A pair of opposed geared motors M.sub.1 are connected to the bottom of the platform 1 of the stage component S.sub.1. Both motors M.sub.1 are located at a substantial middle of the depth direction of the platform 1 of the component S.sub.1 (if the left side of the stage system is assumed to be the front of the stage system). Also, both motors M.sub.1 are located in proximity to the opposed sides of the platform, respectively. Each motor is rotatable in either direction. One of the motors M.sub.1 is connected to one side portion of the platform 1. The other motor M.sub.1 is connected to the opposed side portion thereof. Each motor M.sub.1 has an output shaft 14. A torque limiter (not shown) is urged against the shaft 14. A link 16 is fixed, at one end thereof, to the output shaft 14 of each motor M.sub.1, and is pivotally connected, at an opposed end thereof, to one end of an opposed link 17 by means of a pin 19. The link 17 has an opposed end pivotally connected to a bracket 15 by means of a pin 18. Both links 16 and 17 can be turned on the pin 19. The bracket 15 is located at a substantial middle of the depth direction of the platform 1 of the stage component S.sub.2. Also, the bracket 15 is located in proximity to one of the opposed sides of the platform 1. The link 16 is a driving link, and the link 17 is a driven link. The bracket 15 is fixed to the bottom of the platform 1 of the stage component S.sub.2 at a substantial middle thereof. The links 16 and 17 have the same length. The output shaft 14 of the motor M.sub.1 and the pin 18 connecting the link 17 and the bracket 15 are symmetrical about the pin 19 connecting the two links 16 and 17. The axes of the two pins 19 and of the two pins 13 are all contained in the vertical plane containing an imaginary line which divides the entire stage into the two platforms 1 when the platforms are in their horizontal positions and which divides the space between the platforms into two exact halves when the platforms are in their vertical positions. All four pins 19 and 13 are vertically moved along the foregoing vertical plane.

The stage components S.sub.2 and S.sub.3 are connected to each other by means of a hinge 20.
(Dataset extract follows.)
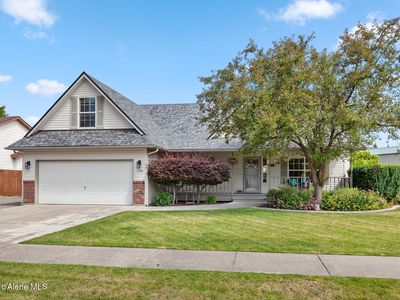 1143 W Sycamore Ave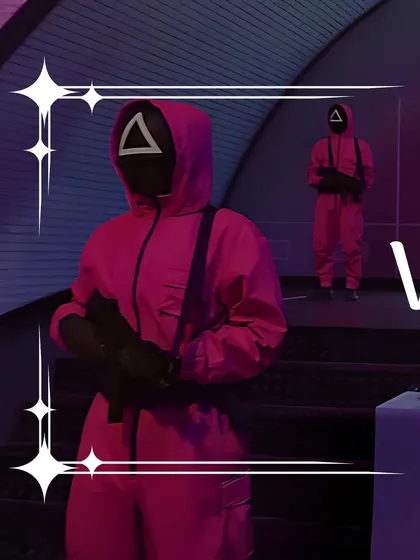 My themed catering goes beyond just food. Here, my staff are fully integrated into a 'Squid Game' thriller party, dressed in the iconic pink guard suits to create a truly immersive atmosphere for guests.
Folding of the Stage System

When the stage system is to be folded from its horizontal position to its vertical position, the two motors M.sub.1 are simultaneously operated to rotate their output shafts 14 clockwise (in FIG. 1) at a very low speed, e.g., at a reduction ratio of 1:24,000. Thus the lower end of the link 16 fixed to each shaft 14 is lowered, and the lower end of the opposed link 17 connected to the link 16 by the pin 19 is also lowered. This results in the distance between the shaft 14 and the pin 18 becoming smaller. At the same time the pins 13 connecting the the stage components S.sub.1 and S.sub.2 are raised, and the foremost casters 6F of each stage component are moved toward those of the other stage component on the floor F. The legs 4 having the other casters 6 are moved inwardly and upwardly away from the floor F while maintaining their upright postures, as shown in FIG. 1. When the stage components S.sub.1 and S.sub.2 have been moved to their vertical positions (as shown in phantom in FIG. 1), the motors M.sub. 1 are stopped.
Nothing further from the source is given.